「神は細部に宿る?」天気の子 zakdomさんの映画レビュー(感想・評価)
神は細部に宿る?
クリックして本文を読む
物語自体は、男女の関係性が大問題に直結する、いわゆる「セカイ系」です。私は、観賞後明るい気持ちで映画館を後にすることが出来ました。(公共の秩序と個人の尊重のどちらに共鳴するかで意見が分かれると思います。主人公は個人の尊重(愛情)を貫いたことにより東京の低地は水没しますが、人々はお構いなく逞しく生きているのですな。)
前半、日本では家族や組織に属さない人間が生きていくのは大変(就職、宿泊、食事等)だなと改めて感じました。
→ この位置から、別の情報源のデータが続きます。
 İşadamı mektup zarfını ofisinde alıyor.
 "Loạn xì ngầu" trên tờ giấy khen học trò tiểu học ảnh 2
このあたり「蛍の墓」を少し思い出しました。主人公と姉弟が一般のホテルに宿泊を断られ続けているシーンでは「俺ならラブホテルにトライするがなー」と思っていたら、主人公もその手を使ったのには笑いました。大きなお風呂・ベッドやカラオケのシーンに懐かしい思い出が蘇りました。
主人公が拾ったマカロフは、暴力団からの押収が多いロシア製拳銃ですね。良く調べているなと思いました。
ファンタジーと日常のリアルが上手く融合している所は、「君の名は。」と同レベルにあると思います。
ただリアル部分でよくわからなかったのが、3年雨が降り続く間に東京が徐々に水没した、という所です。(江戸時代より埋め立てで陸地が増えたものなので、海面上昇か、陸地沈降又は地盤沈下しないと水没しないでしょう?)
ファンタジーとリアルの融合においてリアル部分に?が生じるとその分作品の勢いが削がれると感じました。
風景や物の描写における光の使い方、構図、色彩は最早「新海ブランド」と呼べるもので、その美しい画を観るだけでも感動を覚えます。